How old were you when you first started writing?
A: I've been writing for most of my life. As soon as I learned to read, I started writing and drawing and stapling together books I'd made out of construction paper, just imitating the picture books my mom got me from the library. I liked writing short stories for assignments throughout grade school, and in high school, I started taking creative writing classes, learning about poetry. In college, I knew I wanted to pursue writing and I sort of fell into a few poetry courses and just fell in love with it. I've been chasing poems ever since.
What was the pivotal moment or time in your life when you decided to take yourself serious as a writer?
A: I guess when I was 21, 22 and started submitting my poems for publication. After going through a few workshops at UCR and getting a poem published for the first time in The Packinghouse Review, the whole ‘being a writer’ thing felt a little more real. Writing wasn't just a personal, private thing anymore. I knew if it was going to mean anything, it had to be accessible to others, an audience outside of myself.
What has been the hardest thing about writing for you?
A: Revision is the hardest. Actually working up the nerve to show my work, in its various stages of completion, to other people is very, very hard for me. Terrifying, embarrassing, always humbling and necessary.
Where do you find yourself when you are most inspired to write (a place, a mood, etc.)?
A: I need a lot of time alone and I often have trouble sleeping, so I end up doing most of my writing at night when the house is quiet. I'm not necessarily more inspired at night, I just have more time for quiet contemplation when it’s well past midnight and I'm not caught up in whatever needs to be done during the day. There's no work, no errands, no commute, everyone is asleep, the phone doesn't ring. I just sit with a cup of tea and maybe listen to some music and I read and I write. In the morning, I try to figure out if it's any good.
Who are some other writers, authors, poets you are inspired by or admire?
A: I love Lorca. I could never hope to write anything like Federico Garcia, but he's very near and dear to my heart. I read Hart Crane, Larry Levis and Adrienne Rich as examples of absolute mastery. I read Frank O'Hara and Kenneth Koch for pleasure, I love their styles but I've kind of accepted I can never write like them. I wish I could be funny. I was really into Sharon Olds in high school, she probably shaped a lot of my early attempts at poetry. Michelle Lin and Kazumi Chin both came out with stunning debut collections last year. We studied at UCR together years ago. I keep revisiting their books and I feel honored to know such radical, visionary poets.
Is there any particular work that made a lasting impression on you (written by yourself or others)?
A: Power Politics by Margaret Atwood. Saadi Yousef's "America, America." Gary Young's prose poems.
How does who you are as a writer now compare to whom you’d like to be as a writer?

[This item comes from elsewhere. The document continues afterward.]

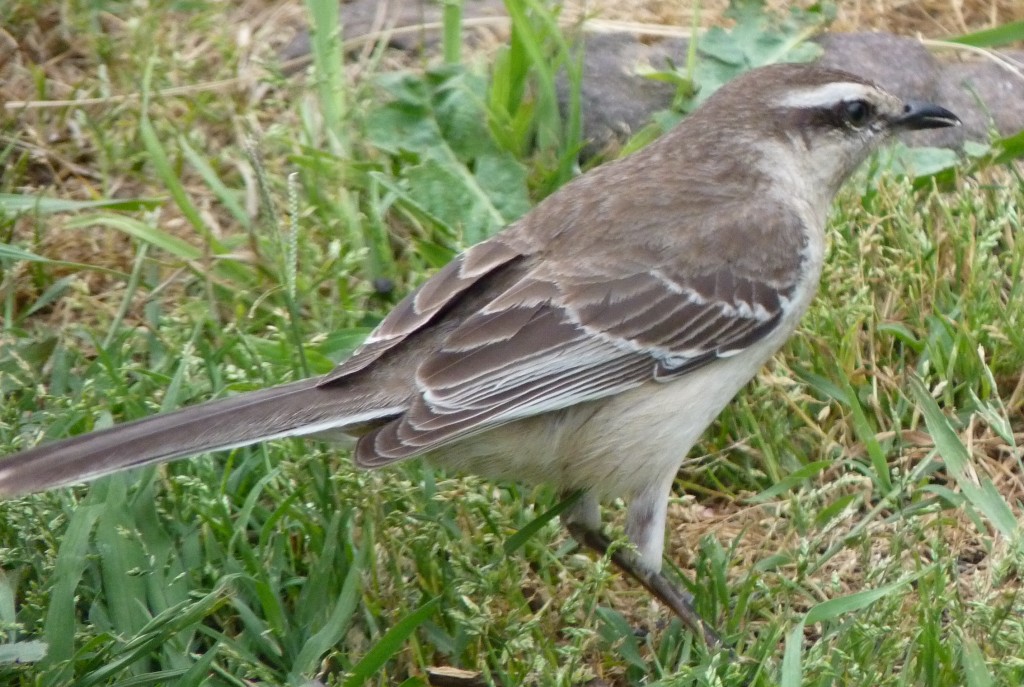 Foto: Sierra de los Padres - Mar del Plata (Buenos Aires), Argentina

A: I think - I hope, at least - I've gotten better as a writer. I'm not so hung up on imitating or recreating an existing poem that I like. The poem should determine the form, not the other way around. A poem doesn't have to be a big grand declaration. Poems can be small, intimate, and still be impactful. Some poems just take time, perspective. I still have a long way to go. I never know where I'm going when I start writing a poem. I'm always unsure of how to end them.
If you have children or plan to, what is the impression or legacy you’d like your work to leave on them?
A: I can't say for sure whether I want to have kids or not, so I really don't know what I'd want my legacy to be for them. I just want to leave an impression of kindness.
What is the impression or legacy you’d like your work to leave on the world?
A: If I am to be remembered by my work at all, I hope my voice resonates with people completely unlike me. While I may draw from my own experiences in my writing, I don't want my work to be read as an autobiography. I'm aiming to transcribe both the ordinary and the universal.
Do you feel a sense of responsibility in your work as a female writer, or female creative in general?
A: The personal is political. I can only strive to write from my own perspective. I can't pretend that growing up and moving through this world as a woman hasn't impacted my life, for better or worse. It would be irresponsible of me to write or create anything that wasn't true to my own lived experience.
What fears, if any, have you outgrown on your journey as a writer? What are some current fears you look forward to releasing?
A: I'm not sure if I've actually outgrown any of my fears as a writer. The perennial ones are all still there: fear of repeating myself, fear of not having anything meaningful to say, fear of being derivative, fear of being misread, fear of stagnating, fear that my writing is actually garbage. A new one has popped up over the years: the fear that I may leave my best work unfinished.